Valvular heart disease and heart failure Explanation: ***Carvedilol demonstrated a significant improvement in all-cause mortality in patients with heart failure as compared to metoprolol.***
- The study explicitly states that the all-cause mortality for carvedilol was 34% compared to 40% for metoprolol, with a **hazard ratio of 0.83** and a **p-value of 0.0017**.
- A p-value of < 0.05 indicates statistical significance, and a hazard ratio less than 1 favors the intervention (carvedilol), showing a **20% relative risk reduction** in mortality.
*The study was underpowered and unable to arrive at a statistically significant conclusion.*
- The p-value of 0.0017 for all-cause mortality is well below the conventional significance level of 0.05, indicating a **statistically significant result**.
- With **over 1500 patients in each arm** and mean follow-up of 58 months, the study was sufficiently powered to detect a difference, as evidenced by the significant findings.
*Metoprolol demonstrated a significant improvement in all-cause mortality in patients with heart failure compared to carvedilol.*
- The data shows that **metoprolol had a higher all-cause mortality (40%)** compared to carvedilol (34%), meaning metoprolol was associated with worse outcomes.

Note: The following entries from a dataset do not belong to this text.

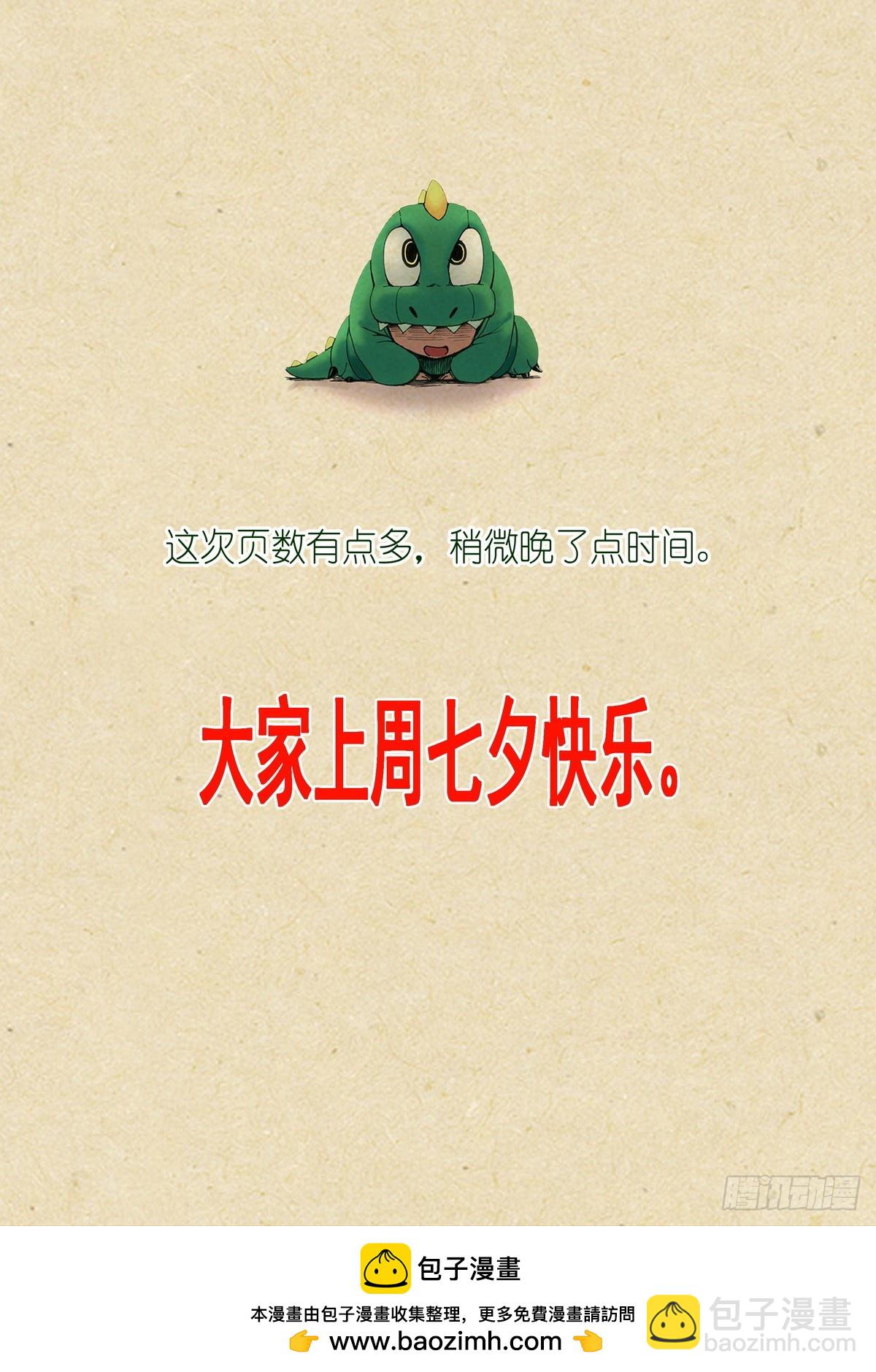 狐妖小紅娘 - 總596·你想當妖怪嗎？ - 1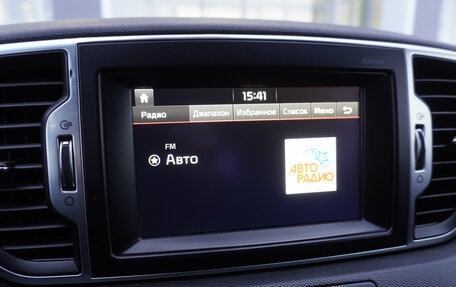 KIA Sportage IV рестайлинг, 2017 год, 2 150 000 рублей, 14 фотография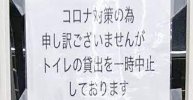 ダウンロード.jpg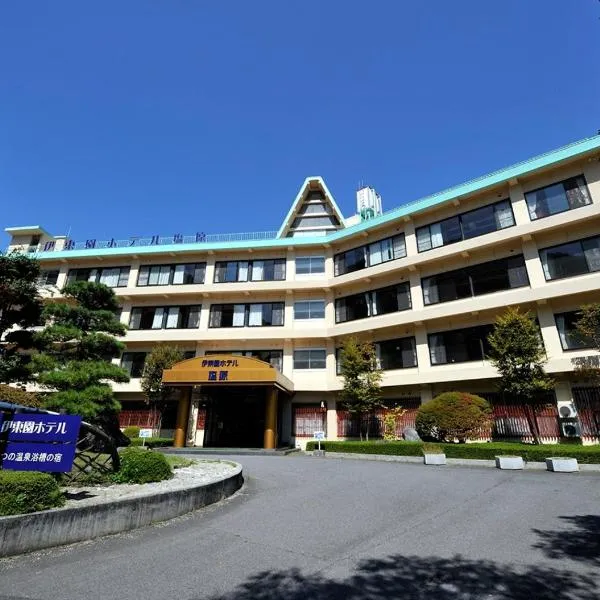 Itoen Hotel Shiobara, hotel v destinaci Nasushiobara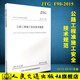 正版現(xiàn)貨 JTG F90-2015 公路工程施工安全技術(shù)規(guī)范 公路交通安全規(guī)范 閱讀狂歡節(jié)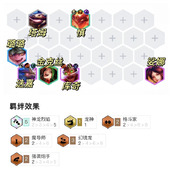 《金铲铲之战》烟花迭嘉阵容玩法策略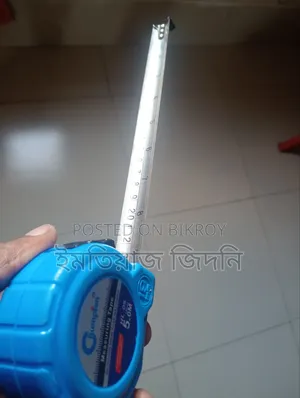 কাজে লাকছে না তাই বিক্রি করে দিবো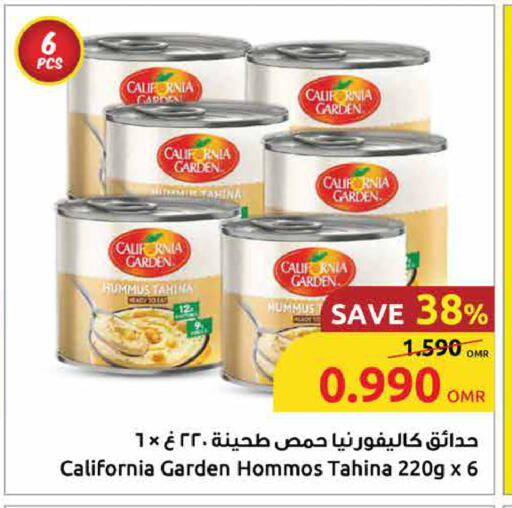 Sauces & Spreads in Sultan Center , Oman Offers - Oman CALIFORNIA GARDEN Tahina & Halawa available at Sultan Center in Oman - Salalah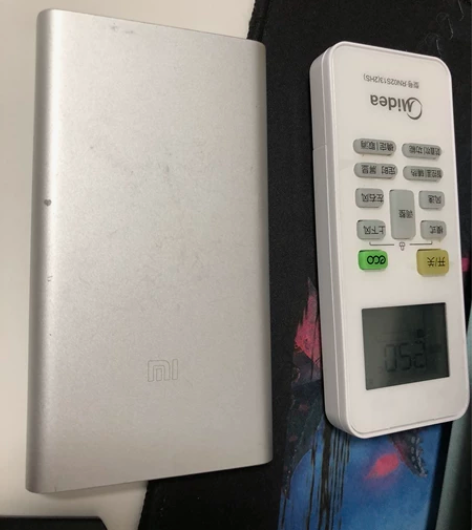 移动充电宝 1万毫安 感兴趣的话点“我想要...
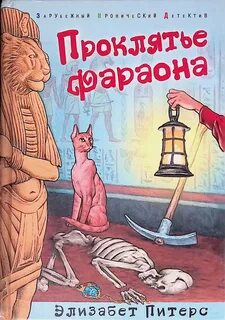 Питерс Элизабет - Амелия Пибоди 02. Проклятие фараона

- The hazard ratio of 0.83, favoring carvedilol, clearly refutes any claim of metoprolol providing a significant improvement over carvedilol.
*There is no appreciable, statistically significant difference in overall mortality between the two treatment arms.*
- The **p-value of 0.0017** is statistically significant, indicating that the observed difference in mortality is unlikely due to chance.
- The **6% absolute difference** in mortality (40% vs. 34%) is both statistically and clinically appreciable in a chronic condition like heart failure.
*The results are likely biased due to trial design, and therefore non-generalizable.*
- The study was a **multicenter, double-blind, randomized parallel group trial**, which is a robust design aimed at minimizing bias.
- The "intention-to-treat" analysis further strengthens the generalizability by reflecting real-world clinical practice where patients may not always adhere to assigned treatments.